Hunter was basically an older brother that I never had because I could tell him anything and we could talk for hours and hours about nothing and still have a great time. Hunter and I would go sit on his dock all night and I could tell him anything, this would include things that I couldn’t go to my parents about because it happened to be very personal things. I remember one time talking with Hunter about girls and all that kind of stuff. One time I remember discussing with him about all the girls in his life and what happened between them, knowing this it taught me many things about what to do and what not to do. Hunter was the perfect person to talk to since he was older than me and had been through the same situations and could give me the best advice. This was something that had a huge impact on my life because I am a very shy person and could not express those kinds of things to other people. Hunter was far from shy which made me realize to not get so caught up with the people I know and going out and being more social. With expressing myself more to people it helped me become an even better person with who I am today and that is something I can thank Hunter for.
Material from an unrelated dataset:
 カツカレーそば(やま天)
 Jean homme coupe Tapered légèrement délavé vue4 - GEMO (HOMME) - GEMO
Something that made me realize to appreciate things more in life was when Hunter had passed away in a terrible car accident in the year of 2009. I thought about this when his sister Sarah went to the podium at Perimeter Church to say a few memories and words about Hunter. She described him to be the best brother in the world and someone who would do anything for his little sister. To see Sarah breaking down and bawling crying in front of the whole church made me start to cry. Especially with hearing what happened that very night Hunter had passed away. Sarah was in the car with Hunter when they crashed and had to hold Hunter in her arms while waiting for help. To have this imagine in my head and sitting next to my little sister made me think that of the very expression that you don’t know what you have until you lose it. From that day on my sister and I were best friends and helped one another through thick and thin.
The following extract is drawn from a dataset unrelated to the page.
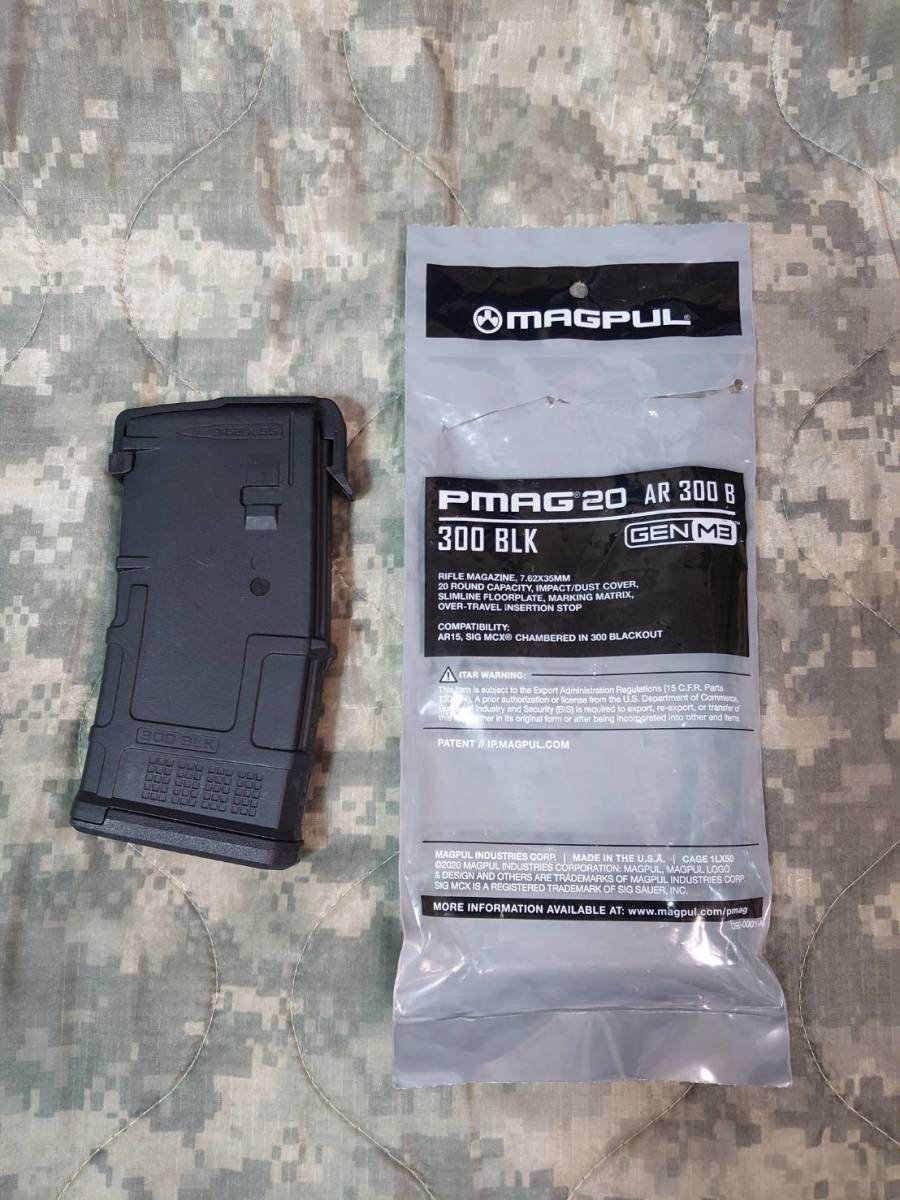 実物 P-MAG Gen3 300BLK 20連　検索用）MAGPUL マグプル M4 AR-15 PMAG 米軍_画像1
After Hunter’s funeral and walking outside seeing everyone crying I never thought about how much I had until it was lost. Hunter had taught me many things that I can now teach others now that he has passed away. Everyone loved being around him because Hunter always knew how to have a good time, enjoy the little things, and impacting each and everyone else’s life’s as well as mine. For that reason Hunter will always be in our hearts, especially mine because I looked up to him so much. I now know how much I loved Hunter and how many lives he impacted as well as being a huge person to look up to.
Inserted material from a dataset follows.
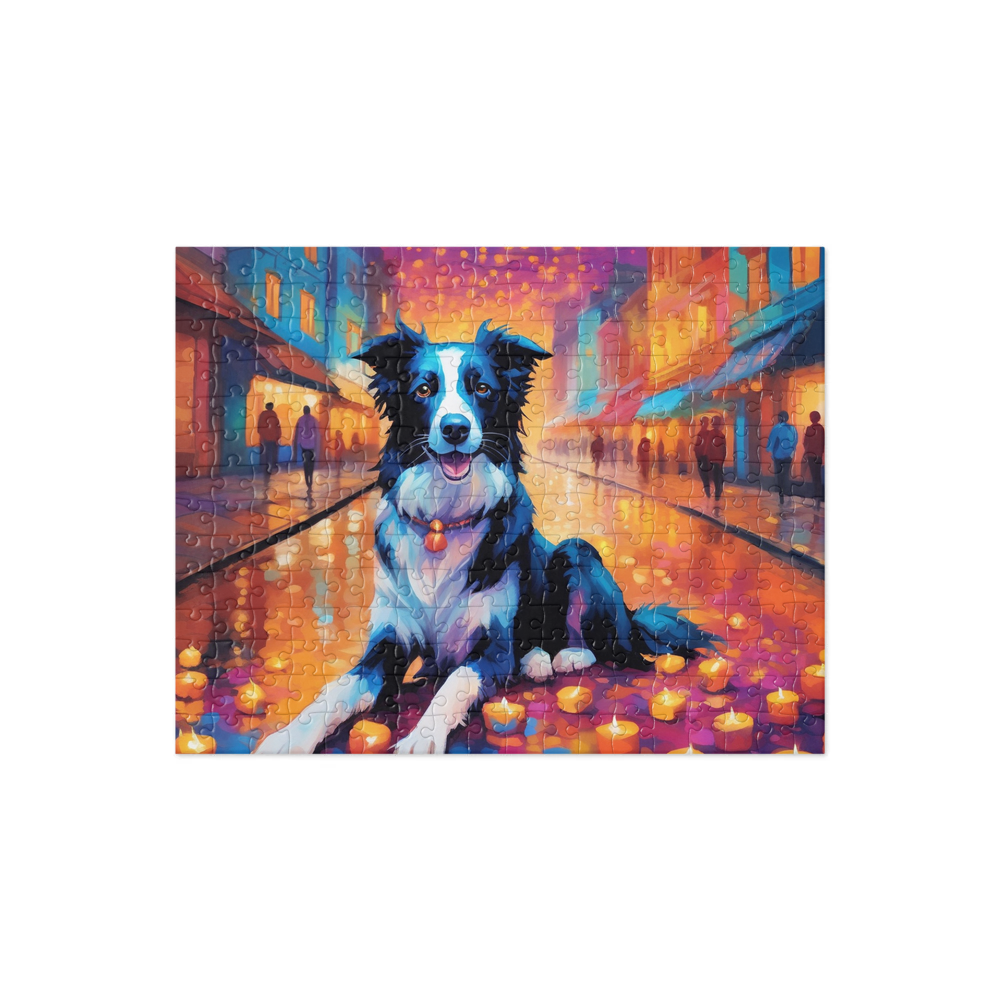 PugMug Custom Border Collie Jigsaw Puzzle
Hopefully everyone can realize the people that impact their lives and people that truly mean a lot to them. If not then we never know might happen and someone or something that means a lot to you could be gone in a blink of an eye. Hunter passing away happened to happen to me so fast that I never actually took in how fortunate I am and all the great things and people I have in my life. Even though Hunter is now no longer with us I am glad that after when he did pass away that I was able to hear what others thought about him and to take in every single thing that makes us who we are today. People now a days take things for granted and do not know how lucky they actually are. That is why we really need to take things in and be thankful before we do not know how much we have until we lose it forever.